I do have to admit a certain consternation at
seeing Toni Negri as contributor. I think that
Sebastian and company would have been better
advised in including Toni Braxton, the very fine
jazz-pop stylist. Only 5 years or so ago, Negri
and Hardt wrote a thoroughly silly book that
dragged Lenin's name through the mud. Only the
other day I was startled to learn that the poet
laureates of the "multitude" were trying to
amalgamate Madisonian checks and balances with
Lenin. Certainly, the dead Russian deserves better.
Fredric Jameson, of course, is the big name
literary theorist in the USA who won first prize
in Denis Dutton's "Bad Writing Contest" in 1997.
Dutton called attention to this snippet of Dutton's prose:
"The visual is essentially pornographic, which is
to say that it has its end in rapt, mindless
fascination; thinking about its attributes
becomes an adjunct to that, if it is unwilling to
betray its object; while the most austere films
necessarily draw their energy from the attempt to
repress their own excess (rather than from the
more thankless effort to discipline the viewer)."
Once again, as is the case with Sokal, I might
tend to line up with whoever Dutton is attacking,
although this might be a toss-up when it comes to Dutton versus Jameson.
Daniel Bensaid and Stathis Kouvelakis are members
of the French LCR, while Callinicos is a British
SWP'er. I can never figure out if Budgen is in the LCR or the SWP. Maybe both.
Unfortunately, except for Lih--I believe--just
about everybody else approaches Lenin from the
standpoint of philosophical, social or political
theory. Kevin Anderson, who is an interesting
thinker despite his News and Letters connection,
wrote a good book on Hegel's importance to Lenin.

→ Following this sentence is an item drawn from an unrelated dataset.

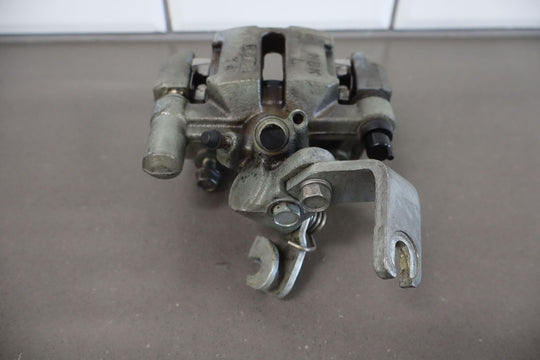 94-05 Mazda Miata NB Pair LH&RH REAR Brake Calipers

Not that there is anything wrong with making such
a connection, but I don't think that studying
Hegel--the subtext of the book--is very useful.
You would be better off studying oil markets,
like Mark Jones did at the London Library in the years before his death.
It is not that Lenin was adverse to theoretical
questions. He did grapple with philosophy when it
was necessary to do so, particularly with the
challenged mounted by Bogdanov. But theorizing
for the sake of theorizing seems inimical to everything that Lenin stood for.
At any rate, in the favor of " Lenin Reloaded:
Toward a Politics of Truth" is the price of the
paperback version, $23.95, a relief from the
extortionist prices of past ventures Budgen has
been associated with. Not in its favor is the
title "Lenin Reloaded". The Wachovsky brothers ain't cool anymore.